A16z has been one of the most influential investors behind enterprise software over the last decade, and B2B technology is a core focus area for Haber, a General Partner there. Before joining the firm, the Harvard grad was a senior executive at Goldman Sachs. If his thesis is correct, the implications extend far beyond meeting productivity, raising fundamental questions about data governance, compliance, and enterprise risk.

The case for recording everything

According to a 2025 survey from AI notetaking app Fellow.ai, three out of four professionals now use an AI notetaker in their work meetings, making it one of the fastest and most widely adopted enterprise AI tools. Otter, Fireflies, Granola, and a dozen competitors have embedded themselves in the daily rhythm of corporate life, usually through individual employee downloads rather than IT procurement.

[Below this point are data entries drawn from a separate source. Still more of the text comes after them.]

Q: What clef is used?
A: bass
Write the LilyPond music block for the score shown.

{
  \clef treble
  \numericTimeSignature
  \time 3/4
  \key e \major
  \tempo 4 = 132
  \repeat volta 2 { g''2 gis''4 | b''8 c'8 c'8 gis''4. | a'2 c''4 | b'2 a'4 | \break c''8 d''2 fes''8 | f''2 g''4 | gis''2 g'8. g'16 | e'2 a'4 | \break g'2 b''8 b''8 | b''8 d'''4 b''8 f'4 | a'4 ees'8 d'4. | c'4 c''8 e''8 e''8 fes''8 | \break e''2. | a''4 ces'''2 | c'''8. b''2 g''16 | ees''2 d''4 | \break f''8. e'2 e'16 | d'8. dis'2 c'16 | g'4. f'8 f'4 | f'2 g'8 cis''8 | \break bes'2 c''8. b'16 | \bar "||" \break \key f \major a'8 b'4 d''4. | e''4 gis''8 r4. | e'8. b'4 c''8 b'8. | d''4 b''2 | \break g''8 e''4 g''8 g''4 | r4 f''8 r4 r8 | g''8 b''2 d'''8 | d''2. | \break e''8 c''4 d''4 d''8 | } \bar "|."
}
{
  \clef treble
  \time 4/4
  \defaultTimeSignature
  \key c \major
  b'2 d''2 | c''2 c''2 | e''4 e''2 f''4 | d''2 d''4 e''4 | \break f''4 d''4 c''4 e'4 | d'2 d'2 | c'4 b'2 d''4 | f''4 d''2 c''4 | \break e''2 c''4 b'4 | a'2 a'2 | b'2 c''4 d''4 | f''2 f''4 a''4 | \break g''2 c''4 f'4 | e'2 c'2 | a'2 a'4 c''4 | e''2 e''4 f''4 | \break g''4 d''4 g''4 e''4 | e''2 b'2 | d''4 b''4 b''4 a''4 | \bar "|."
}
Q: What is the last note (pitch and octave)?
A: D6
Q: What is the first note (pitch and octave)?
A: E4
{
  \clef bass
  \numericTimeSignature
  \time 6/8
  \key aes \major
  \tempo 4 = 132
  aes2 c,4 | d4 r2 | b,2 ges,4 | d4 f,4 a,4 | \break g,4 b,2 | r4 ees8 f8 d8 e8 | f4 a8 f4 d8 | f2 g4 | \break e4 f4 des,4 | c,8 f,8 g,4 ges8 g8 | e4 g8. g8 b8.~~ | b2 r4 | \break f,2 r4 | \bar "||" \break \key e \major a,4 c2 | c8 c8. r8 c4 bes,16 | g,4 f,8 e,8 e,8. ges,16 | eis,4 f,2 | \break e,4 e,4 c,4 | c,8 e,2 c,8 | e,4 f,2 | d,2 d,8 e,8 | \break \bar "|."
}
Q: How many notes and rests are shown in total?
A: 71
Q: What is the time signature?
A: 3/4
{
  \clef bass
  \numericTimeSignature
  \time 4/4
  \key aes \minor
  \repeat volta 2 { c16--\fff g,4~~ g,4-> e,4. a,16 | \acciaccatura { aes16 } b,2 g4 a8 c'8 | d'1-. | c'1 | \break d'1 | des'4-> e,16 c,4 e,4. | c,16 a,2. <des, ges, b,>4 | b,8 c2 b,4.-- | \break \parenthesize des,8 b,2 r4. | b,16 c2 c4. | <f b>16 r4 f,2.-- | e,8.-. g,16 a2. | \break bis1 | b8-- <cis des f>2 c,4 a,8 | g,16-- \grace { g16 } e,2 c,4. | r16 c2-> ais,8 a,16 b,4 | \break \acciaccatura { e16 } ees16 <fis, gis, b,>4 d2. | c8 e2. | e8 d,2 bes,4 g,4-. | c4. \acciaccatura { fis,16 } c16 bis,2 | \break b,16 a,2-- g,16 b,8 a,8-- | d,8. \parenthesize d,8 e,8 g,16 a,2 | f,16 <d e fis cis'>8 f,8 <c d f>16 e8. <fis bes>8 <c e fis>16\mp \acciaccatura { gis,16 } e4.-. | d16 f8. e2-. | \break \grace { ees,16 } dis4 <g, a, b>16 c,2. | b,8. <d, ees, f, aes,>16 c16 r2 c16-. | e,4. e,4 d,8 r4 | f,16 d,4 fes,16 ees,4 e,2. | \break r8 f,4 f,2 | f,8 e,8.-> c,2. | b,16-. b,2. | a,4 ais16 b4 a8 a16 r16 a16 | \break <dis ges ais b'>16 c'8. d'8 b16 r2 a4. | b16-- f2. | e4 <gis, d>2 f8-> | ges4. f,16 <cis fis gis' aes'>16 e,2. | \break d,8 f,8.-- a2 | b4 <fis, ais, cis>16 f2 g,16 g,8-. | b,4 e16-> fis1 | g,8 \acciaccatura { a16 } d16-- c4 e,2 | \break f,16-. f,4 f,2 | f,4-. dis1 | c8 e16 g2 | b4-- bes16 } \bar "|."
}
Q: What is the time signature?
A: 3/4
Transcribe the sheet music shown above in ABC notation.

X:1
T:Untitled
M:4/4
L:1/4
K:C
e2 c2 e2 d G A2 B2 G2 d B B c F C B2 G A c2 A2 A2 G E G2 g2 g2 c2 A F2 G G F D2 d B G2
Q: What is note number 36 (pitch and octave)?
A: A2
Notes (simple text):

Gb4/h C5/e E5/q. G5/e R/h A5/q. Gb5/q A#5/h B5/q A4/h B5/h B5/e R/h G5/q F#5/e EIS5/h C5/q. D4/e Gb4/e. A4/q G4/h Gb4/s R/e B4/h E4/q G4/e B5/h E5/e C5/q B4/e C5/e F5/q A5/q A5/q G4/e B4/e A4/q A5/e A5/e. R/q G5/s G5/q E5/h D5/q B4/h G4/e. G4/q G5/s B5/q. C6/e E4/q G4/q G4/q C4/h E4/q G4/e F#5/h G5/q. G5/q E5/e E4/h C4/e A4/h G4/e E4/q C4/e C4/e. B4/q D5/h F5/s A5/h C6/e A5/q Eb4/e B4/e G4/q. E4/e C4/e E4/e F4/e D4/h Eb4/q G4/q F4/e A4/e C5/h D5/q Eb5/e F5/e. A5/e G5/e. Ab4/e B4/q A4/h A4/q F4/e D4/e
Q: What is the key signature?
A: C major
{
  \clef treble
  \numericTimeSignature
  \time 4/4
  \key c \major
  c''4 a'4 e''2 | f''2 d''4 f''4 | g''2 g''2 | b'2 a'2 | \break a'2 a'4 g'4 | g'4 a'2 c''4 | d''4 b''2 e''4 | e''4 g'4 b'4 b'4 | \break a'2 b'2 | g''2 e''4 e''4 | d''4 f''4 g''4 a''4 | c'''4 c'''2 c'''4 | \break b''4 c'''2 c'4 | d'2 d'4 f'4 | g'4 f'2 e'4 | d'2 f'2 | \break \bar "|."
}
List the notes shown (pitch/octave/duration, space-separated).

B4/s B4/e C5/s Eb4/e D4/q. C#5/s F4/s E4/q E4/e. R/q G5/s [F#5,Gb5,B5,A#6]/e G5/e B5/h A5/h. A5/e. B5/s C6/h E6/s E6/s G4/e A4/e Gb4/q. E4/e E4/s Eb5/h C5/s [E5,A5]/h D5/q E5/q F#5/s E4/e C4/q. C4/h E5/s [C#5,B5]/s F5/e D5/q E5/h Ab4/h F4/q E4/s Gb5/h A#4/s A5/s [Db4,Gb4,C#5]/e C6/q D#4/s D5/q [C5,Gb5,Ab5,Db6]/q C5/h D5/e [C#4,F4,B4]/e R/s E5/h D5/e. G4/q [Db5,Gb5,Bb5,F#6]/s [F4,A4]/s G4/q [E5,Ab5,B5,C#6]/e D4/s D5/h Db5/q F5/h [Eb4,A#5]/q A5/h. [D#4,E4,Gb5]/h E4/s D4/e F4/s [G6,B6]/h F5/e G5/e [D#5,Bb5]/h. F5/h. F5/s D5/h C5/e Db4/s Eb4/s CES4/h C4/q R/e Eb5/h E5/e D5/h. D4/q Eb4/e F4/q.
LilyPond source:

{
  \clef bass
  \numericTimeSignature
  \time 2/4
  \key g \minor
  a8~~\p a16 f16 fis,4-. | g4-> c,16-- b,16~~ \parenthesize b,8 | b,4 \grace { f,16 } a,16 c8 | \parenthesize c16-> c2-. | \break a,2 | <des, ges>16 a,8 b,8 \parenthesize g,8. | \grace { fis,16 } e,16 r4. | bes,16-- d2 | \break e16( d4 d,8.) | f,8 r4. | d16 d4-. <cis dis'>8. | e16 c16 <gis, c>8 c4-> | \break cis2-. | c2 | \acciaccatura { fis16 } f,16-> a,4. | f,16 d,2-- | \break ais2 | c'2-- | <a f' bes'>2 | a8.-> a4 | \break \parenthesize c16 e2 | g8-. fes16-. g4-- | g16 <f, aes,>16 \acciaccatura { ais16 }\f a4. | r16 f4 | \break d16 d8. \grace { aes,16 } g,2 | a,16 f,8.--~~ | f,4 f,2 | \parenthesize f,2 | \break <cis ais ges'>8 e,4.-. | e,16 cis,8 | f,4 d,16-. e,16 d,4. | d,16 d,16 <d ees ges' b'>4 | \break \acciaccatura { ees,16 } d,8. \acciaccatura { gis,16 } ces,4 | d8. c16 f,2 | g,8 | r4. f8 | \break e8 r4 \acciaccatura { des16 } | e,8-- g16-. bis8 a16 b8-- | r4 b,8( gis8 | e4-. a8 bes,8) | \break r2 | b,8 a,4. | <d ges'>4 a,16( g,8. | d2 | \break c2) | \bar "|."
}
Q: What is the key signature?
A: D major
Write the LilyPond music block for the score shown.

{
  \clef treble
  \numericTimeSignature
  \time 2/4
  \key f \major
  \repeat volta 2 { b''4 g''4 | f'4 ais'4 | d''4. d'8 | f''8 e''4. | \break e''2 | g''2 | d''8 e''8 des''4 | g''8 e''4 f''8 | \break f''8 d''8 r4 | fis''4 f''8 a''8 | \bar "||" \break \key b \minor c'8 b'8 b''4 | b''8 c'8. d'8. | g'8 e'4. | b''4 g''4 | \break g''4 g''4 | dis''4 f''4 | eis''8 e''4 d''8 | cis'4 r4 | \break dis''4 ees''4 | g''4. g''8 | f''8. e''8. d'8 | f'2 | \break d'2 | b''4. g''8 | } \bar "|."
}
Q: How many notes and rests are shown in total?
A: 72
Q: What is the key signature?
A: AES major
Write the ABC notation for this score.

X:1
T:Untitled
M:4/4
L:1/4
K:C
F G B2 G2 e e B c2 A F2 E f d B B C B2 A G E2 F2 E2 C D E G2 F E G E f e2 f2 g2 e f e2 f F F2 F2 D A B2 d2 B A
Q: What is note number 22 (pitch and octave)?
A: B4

The business case is real. As Noah Levin, founder of the AI software firm Serious People, wrote on LinkedIn, "Meeting recordings are one of the richest sources of context for agents." Levin, who has spent 15 years making software that powers complex operations for the likes of Amazon and Whole Foods, explained how the business value compounds. "Every transcript is a window into customer sentiment, real-time trends, where time is going. You can just know things." That's a significant shift because meetings have traditionally been one of the least accessible forms of enterprise knowledge, rich in context, but largely invisible to software systems once the conversation ended.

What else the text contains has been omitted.